• Exercise directions
Retype exactly the lines of the listing below from the one with "this 640×480 image." through the last, both included, and leave every picture out.
%%
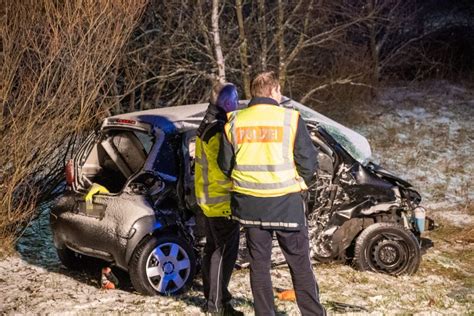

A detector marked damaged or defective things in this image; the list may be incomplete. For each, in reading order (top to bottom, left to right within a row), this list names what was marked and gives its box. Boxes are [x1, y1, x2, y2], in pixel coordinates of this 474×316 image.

severely damaged car [51, 99, 434, 296]
broken windshield [284, 98, 372, 163]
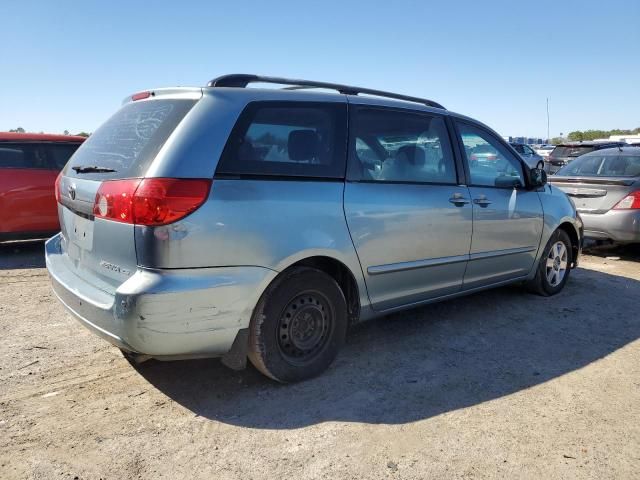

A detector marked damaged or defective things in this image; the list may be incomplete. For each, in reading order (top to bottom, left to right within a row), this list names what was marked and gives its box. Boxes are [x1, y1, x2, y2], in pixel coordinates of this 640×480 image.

dented bumper [44, 234, 276, 358]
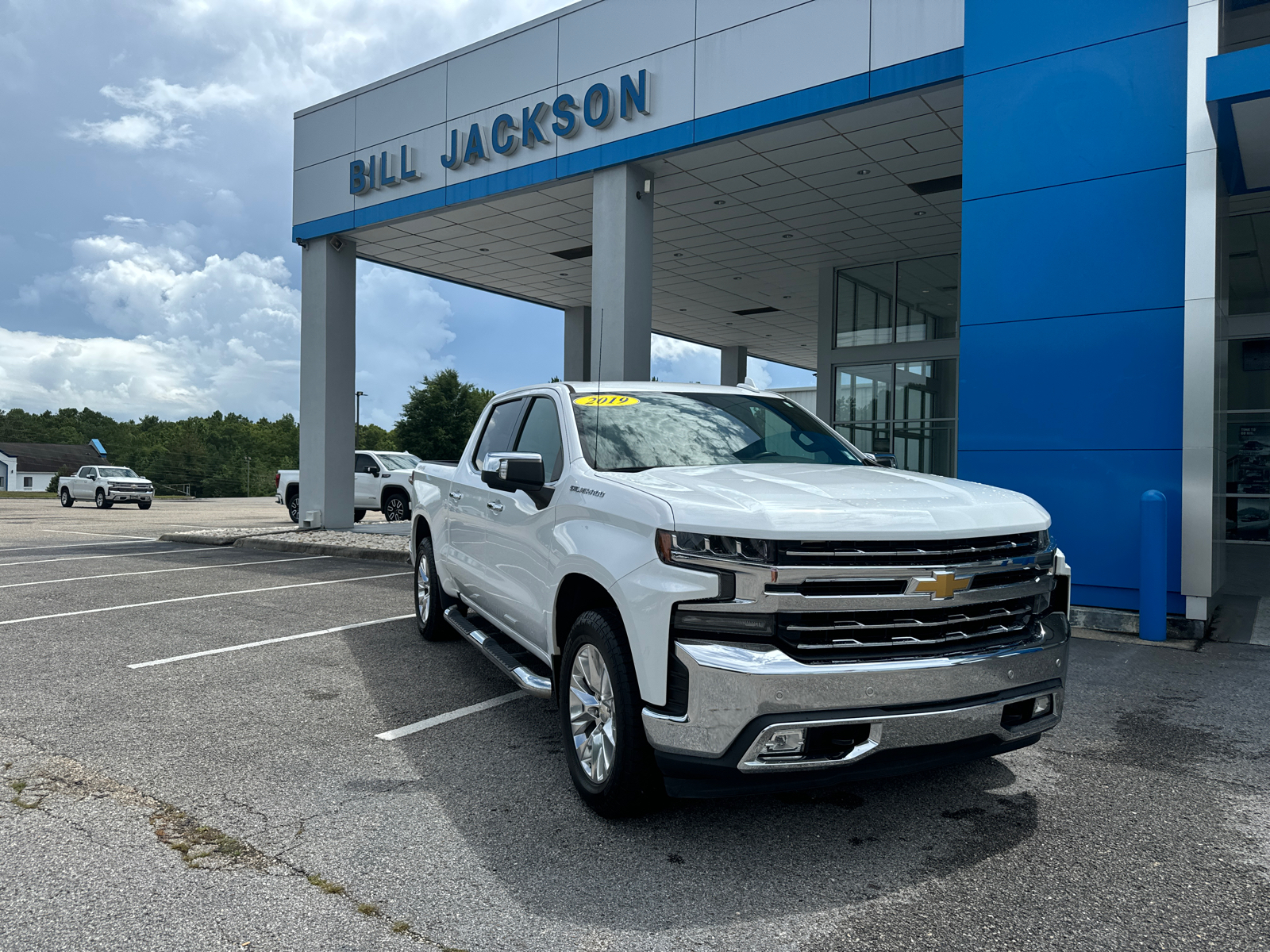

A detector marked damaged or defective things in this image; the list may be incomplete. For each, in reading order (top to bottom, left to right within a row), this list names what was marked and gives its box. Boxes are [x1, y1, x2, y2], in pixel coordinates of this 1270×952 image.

cracked pavement [2, 500, 1270, 952]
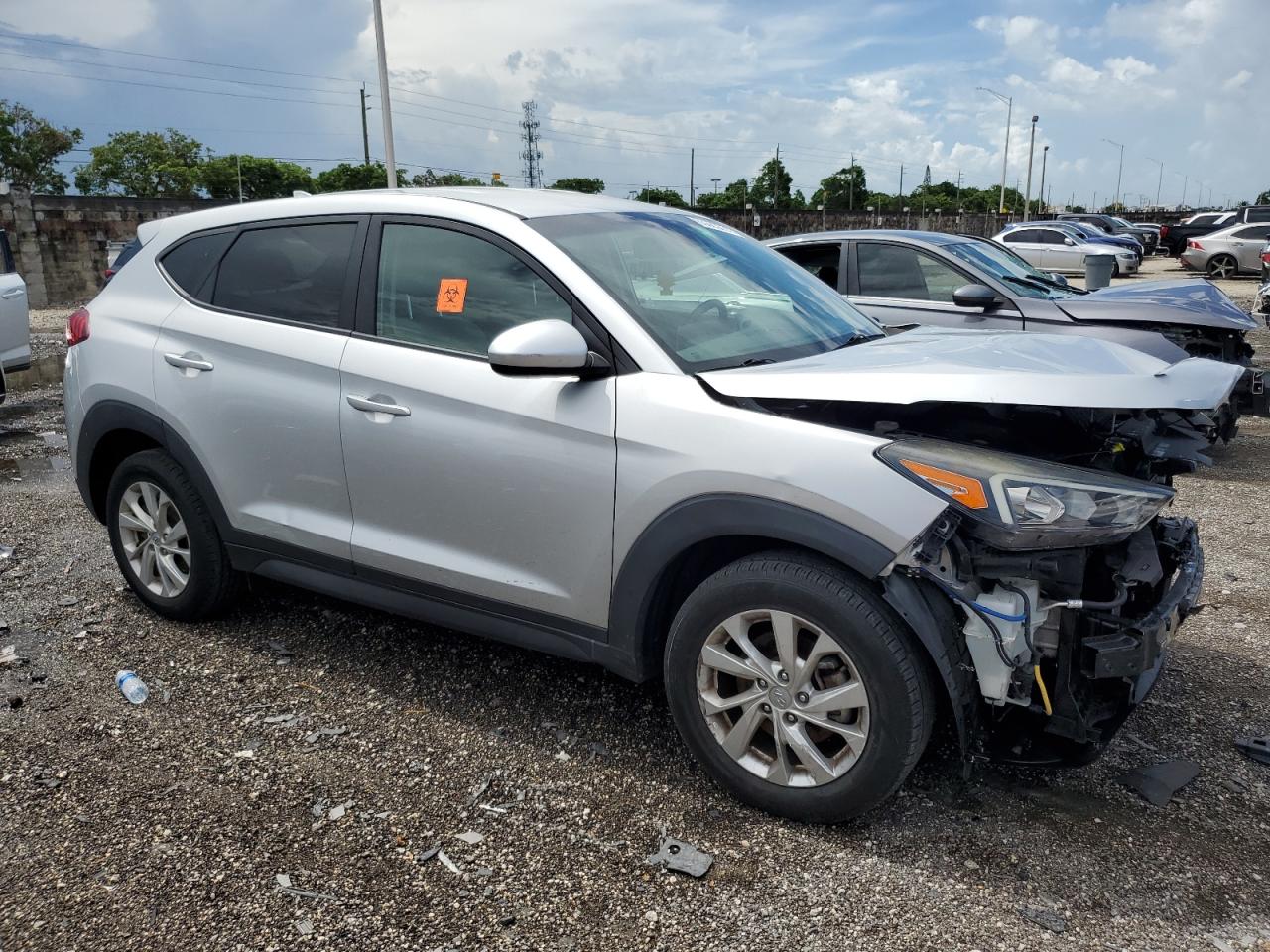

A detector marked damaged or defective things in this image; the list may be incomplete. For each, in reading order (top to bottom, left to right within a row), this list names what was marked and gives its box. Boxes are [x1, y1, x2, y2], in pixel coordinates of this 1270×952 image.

crushed hood [1056, 279, 1254, 332]
crushed hood [696, 327, 1239, 411]
damaged front end [878, 436, 1204, 767]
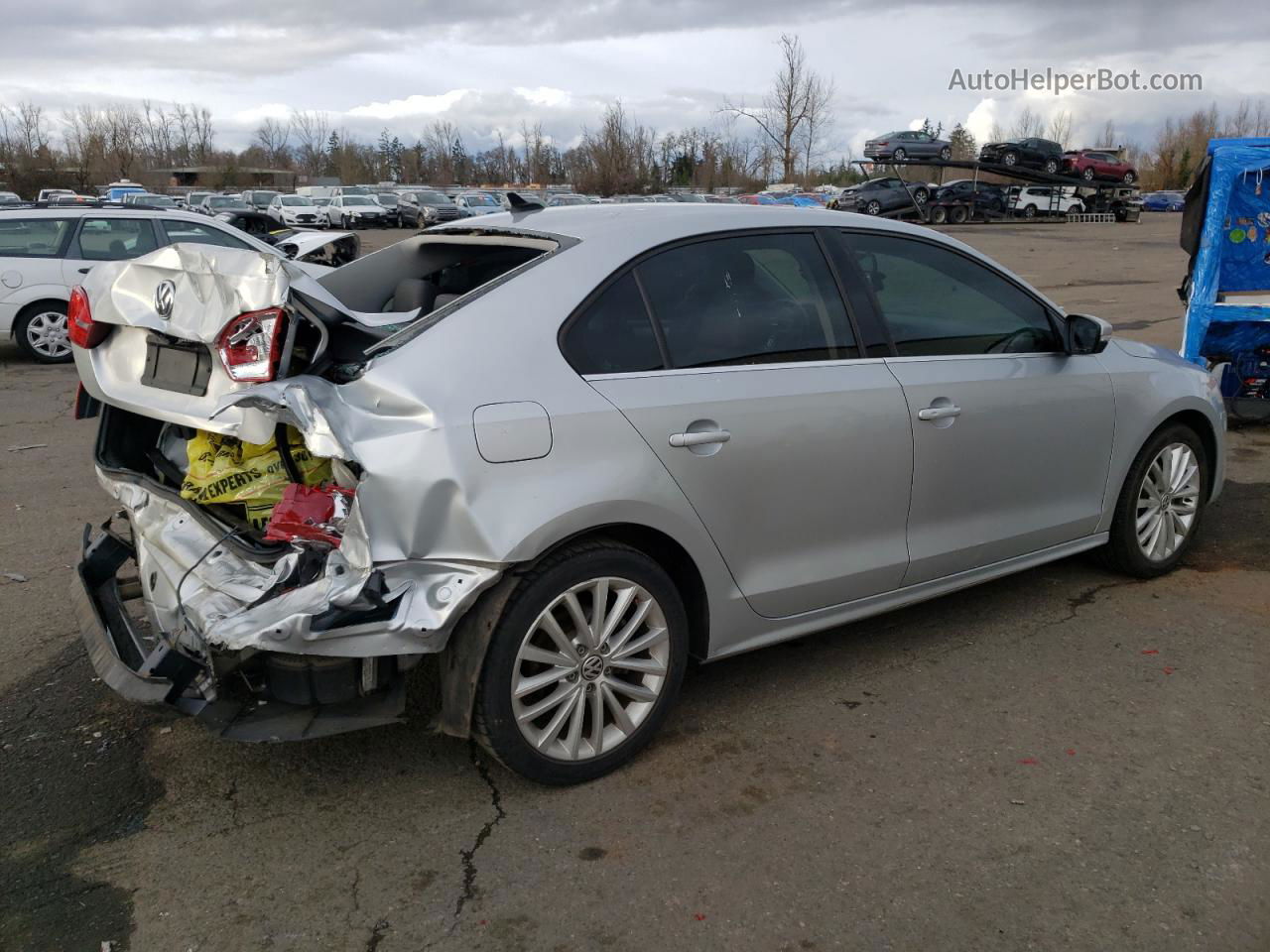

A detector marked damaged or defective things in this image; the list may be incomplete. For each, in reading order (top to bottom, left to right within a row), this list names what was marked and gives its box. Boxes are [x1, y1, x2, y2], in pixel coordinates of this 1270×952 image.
%%
• Your response
A detector marked damaged or defective things in this image; the list may be incomplete. For each, in reading order (top to bottom, left to right within a row), this list names what was marked and gives its box. Boxes are [x1, y1, x2, y2], in pixel coordinates of this 640×480 image.

dented bumper [44, 234, 276, 358]

A detector marked damaged or defective things in this image; the list may be incomplete. For each, in reading order (top to bottom, left to right within a row), this list names what was marked and gives its box. Boxes are [x1, y1, x2, y2], in pixel coordinates of this 1270×952 image.

cracked pavement [2, 500, 1270, 952]

A detector marked damaged or defective things in this image; the list may be incomplete. For each, in reading order (top to bottom, left to right within a row), this list names what was marked and gives its box. Boxes are [x1, y1, x2, y2], in pixel coordinates of this 1270×952 image.

crushed hood [1056, 279, 1254, 332]
crushed hood [696, 327, 1239, 411]
damaged front end [878, 436, 1204, 767]

A detector marked damaged or defective things in this image; the list may be incomplete. For each, in reading order (top to bottom, left to right within a row), this list names what was marked and gives its box. Boxes are [x1, y1, x2, y2], in pixel coordinates of this 1270×952 image.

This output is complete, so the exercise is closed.